WASHINGTON – A solid majority of Americans see Japan as an important security and trade partner, a recent survey by the Chicago Council on Global Affairs, a U.S. think, showed.
The survey found that 78 percent of Americans believe relations with Japan strengthen U.S. national security, exceeding the percentage of respondents who believe the same for other U.S. allies listed, such as Germany and South Korea, at 75 percent and 70 percent, respectively.
It showed that 57 percent of respondents believe the United States should increase or maintain its military forces in Japan, compared with 40 percent who answered that the United States should reduce or withdraw its forces from the country.
In a question on trade relations, 87 percent of respondents said they favor engaging in trade with Japan, tied with Germany for the most favored trade partner among the countries listed in the survey.

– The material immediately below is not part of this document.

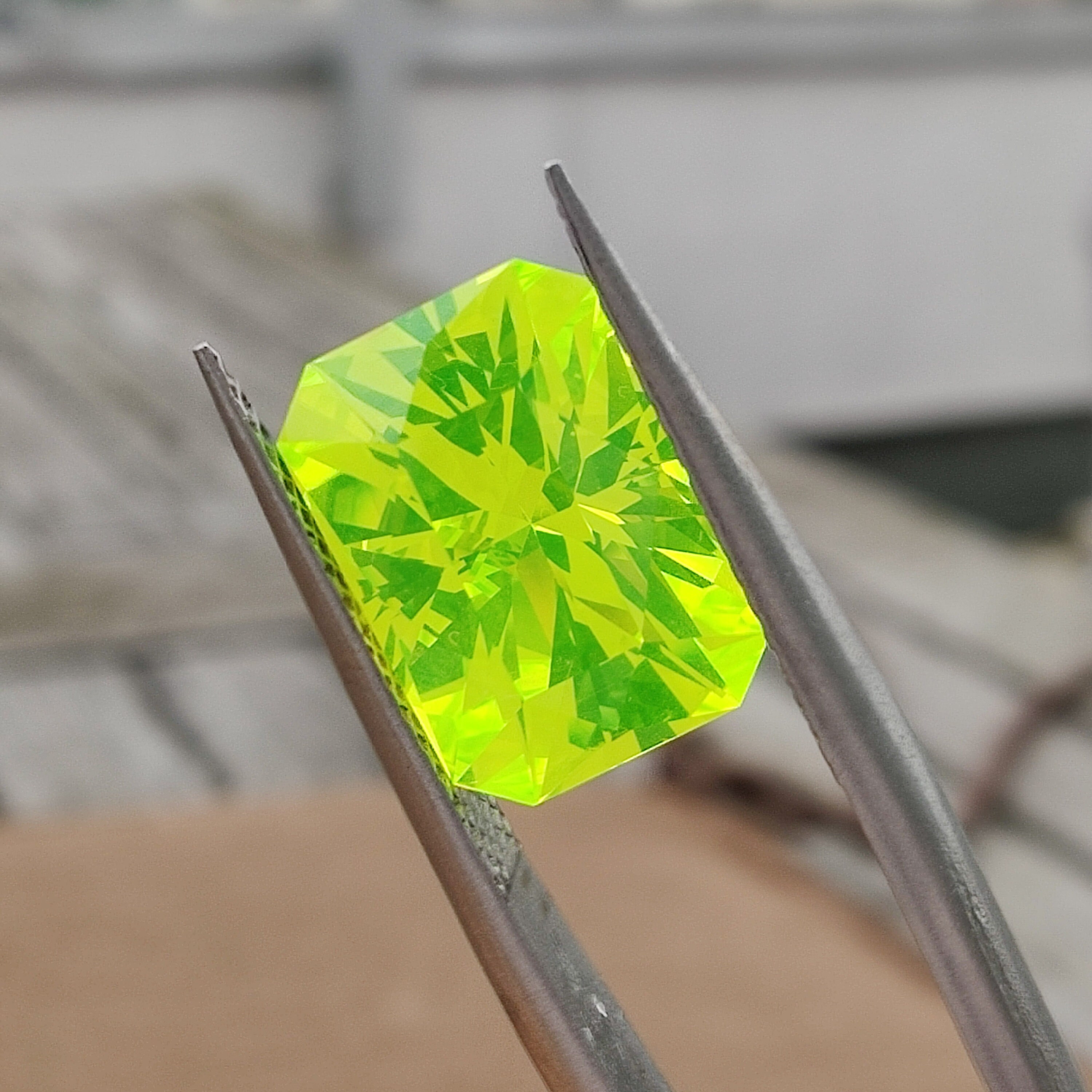 Luag 10,20 Ct Lutetium Aluminum Lab Created Fluorescent Yellow Green Handmade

On the use of military force by Washington, 55 percent of respondents opposed using U.S. troops in the event that China initiates a military conflict with Japan over disputed islands, an apparent reference to the Senkakus in the East China Sea.
On the other hand, 70 percent of respondents supported the use of U.S. military force to stop Iran from obtaining nuclear weapons, while 58 percent responded in favor of using it to defend South Korea if North Korea invades.
The survey was conducted June 7 to 20, covering 2,059 respondents. The results were released on Friday.